Start of Supplied data

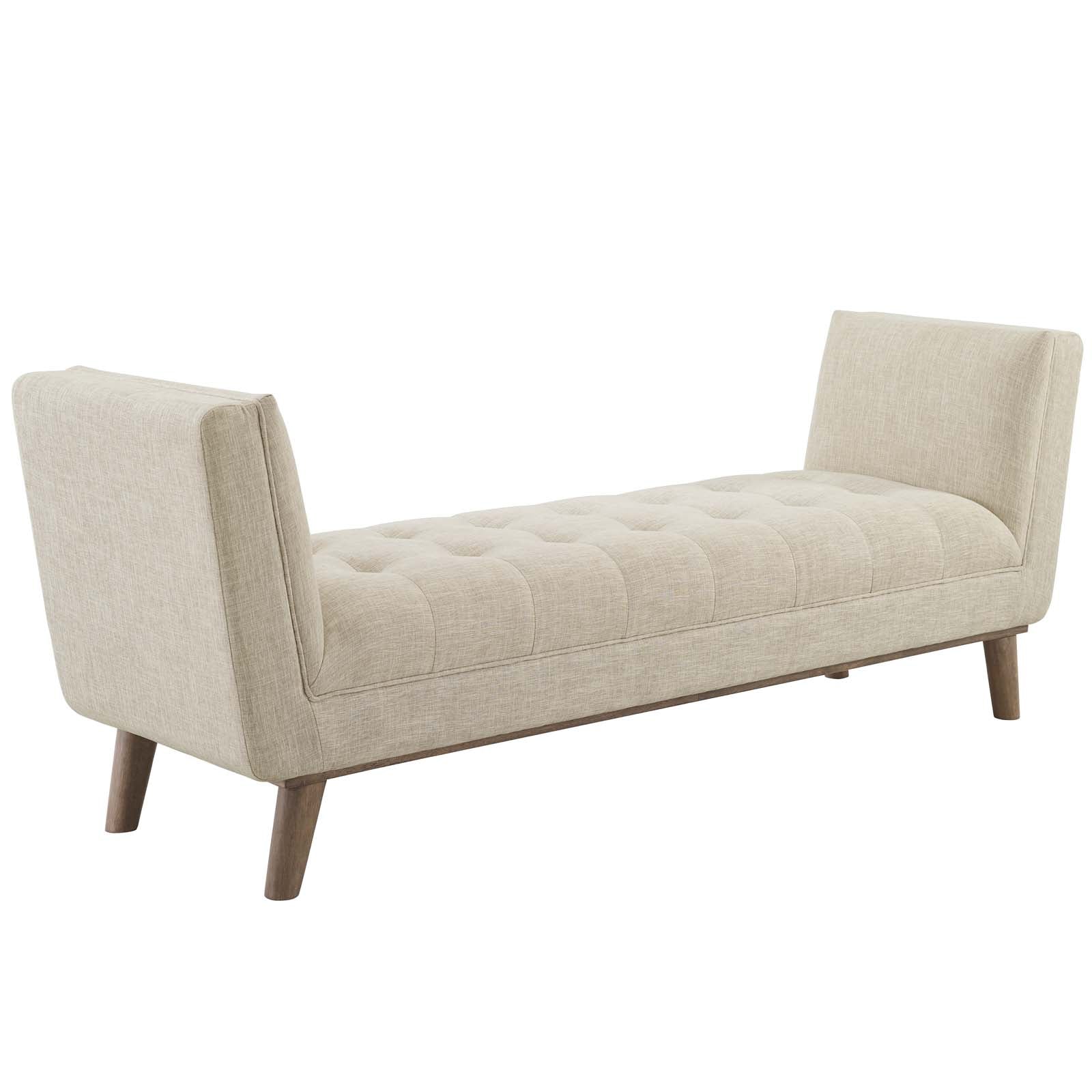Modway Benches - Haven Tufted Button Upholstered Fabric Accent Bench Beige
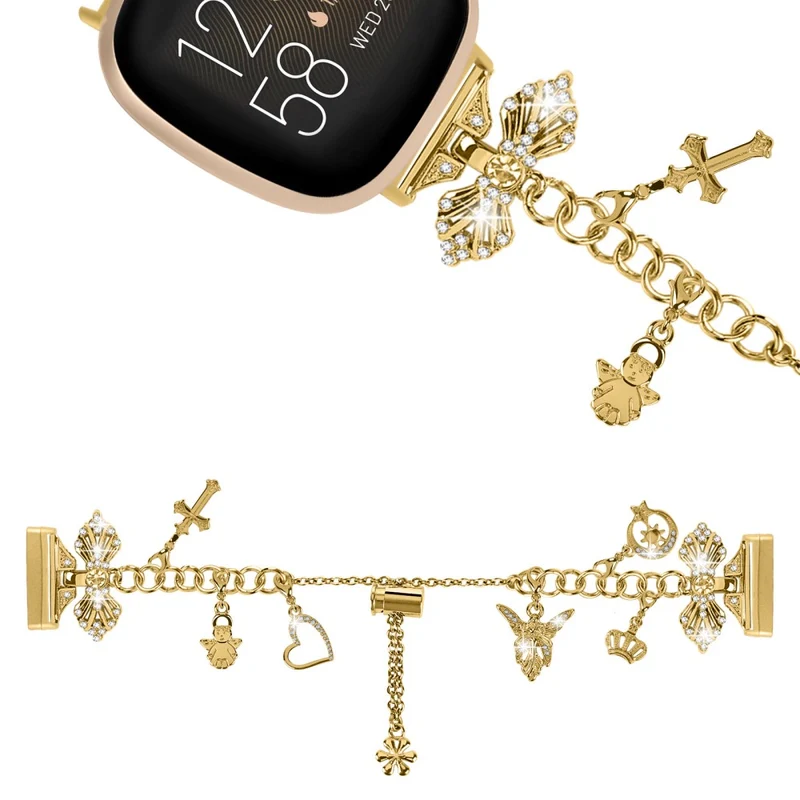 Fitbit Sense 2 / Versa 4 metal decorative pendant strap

End of Supplied data
Start of Supplied data

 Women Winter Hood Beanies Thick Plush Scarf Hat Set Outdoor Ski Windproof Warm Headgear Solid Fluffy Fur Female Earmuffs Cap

End of Supplied data

What the exercise asks → Exact copy, pictures excluded: every line above from the one containing "Modway Benches - Haven" to the one containing "Fitbit Sense 2", inclusive, and nothing more.

Expected answer →
Modway Benches - Haven Tufted Button Upholstered Fabric Accent Bench Beige
 Fitbit Sense 2 / Versa 4 metal decorative pendant strap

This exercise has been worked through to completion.